The Federal Reserve had a simple job going into Wednesday's meeting: hold rates steady and sound calm. It managed the first part. The second part was harder to pull off with Brent crude sitting near $110 a barrel and inflation running a full percentage point above target.

On March 18, 2026, the Federal Open Market Committee voted 11-1 to keep the federal funds rate at its current range of 3.50% to 3.75%. The decision was widely expected. What was less expected was the degree of discomfort radiating from Jerome Powell's press conference.

What the Numbers Actually Say

The Fed's updated Summary of Economic Projections, the set of forecasts the committee releases four times a year, told a story of a central bank quietly marking down its optimism. Officials now expect inflation to finish 2026 at 2.7%, up from the 2.5% forecast in December. Core inflation, which strips out food and energy, also came in at 2.7%, meaning the energy shock from the Iran conflict is already bleeding into the broader price picture.

GDP growth was nudged up slightly to 2.4% for 2026, which sounds fine on the surface. But the unemployment rate forecast crept higher too, with the committee now penciling in an average of around 4.5% for the year. That combination, growth holding on while inflation is stuck and hiring is softening, is exactly the kind of squeeze that makes the Fed's job miserable.

The Dot Plot Still Says One Cut

The so-called dot plot, where each FOMC member marks their expectation for where rates will be at year-end, showed the median forecast unchanged from December: one quarter-point rate cut sometime in 2026 and another in 2027. The median rate at end-2026 sits at 3.4%, meaning most officials expect exactly one 25-basis-point reduction from here.

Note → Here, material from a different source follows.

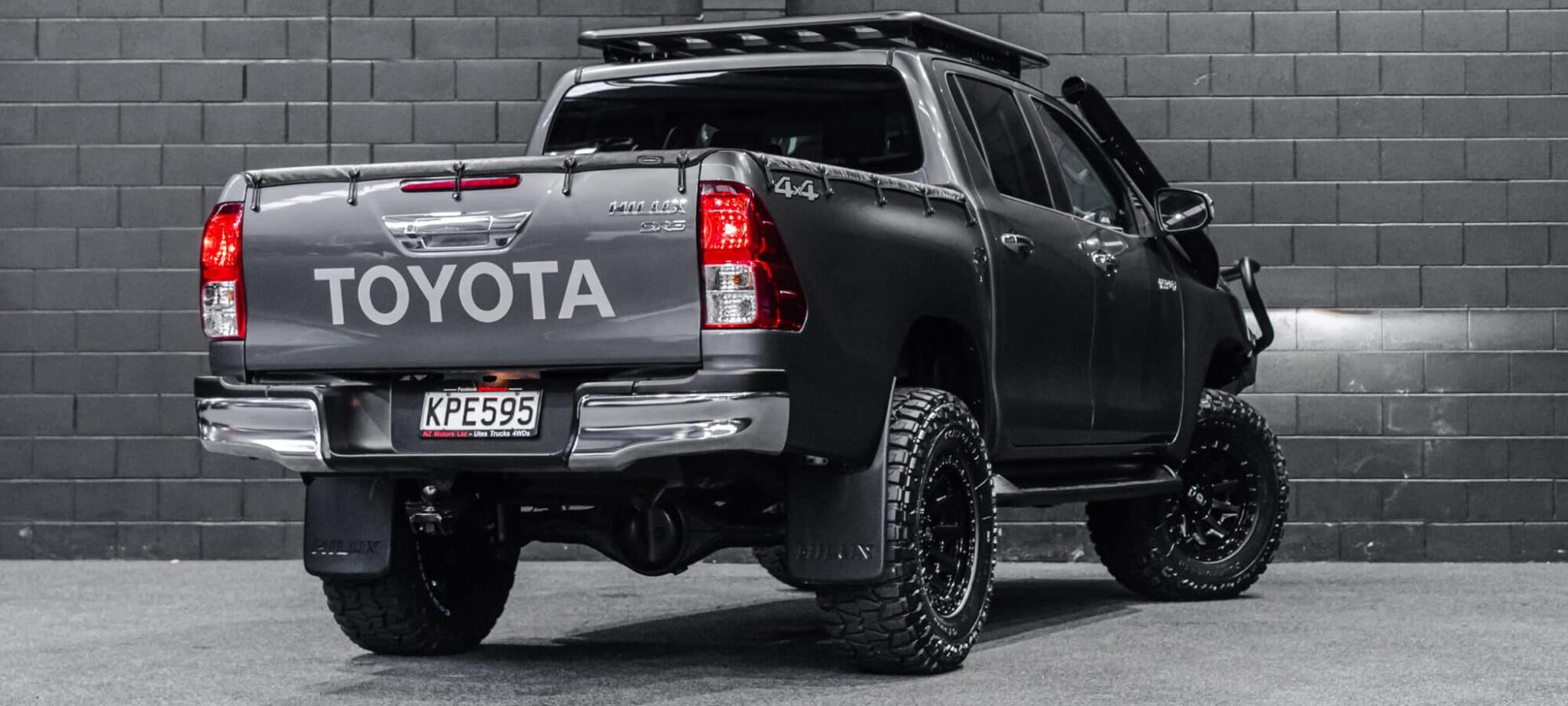 Vehicle Gallery Image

That may sound straightforward, but there is real dissent inside the committee. Governor Stephen Miran was the lone dissenter, voting for an immediate 25-basis-point cut. He has been pushing for rate reductions since his confirmation in September and is watching a labor market that added only 181,000 jobs across all of 2025, the weakest year outside a recession on record. Notably, Governor Christopher Waller, who joined Miran in dissenting at the January meeting, switched to a hold vote this time, which surprised some Fed watchers. The majority, though, is not ready to declare inflation under control while Brent crude is flirting with $110.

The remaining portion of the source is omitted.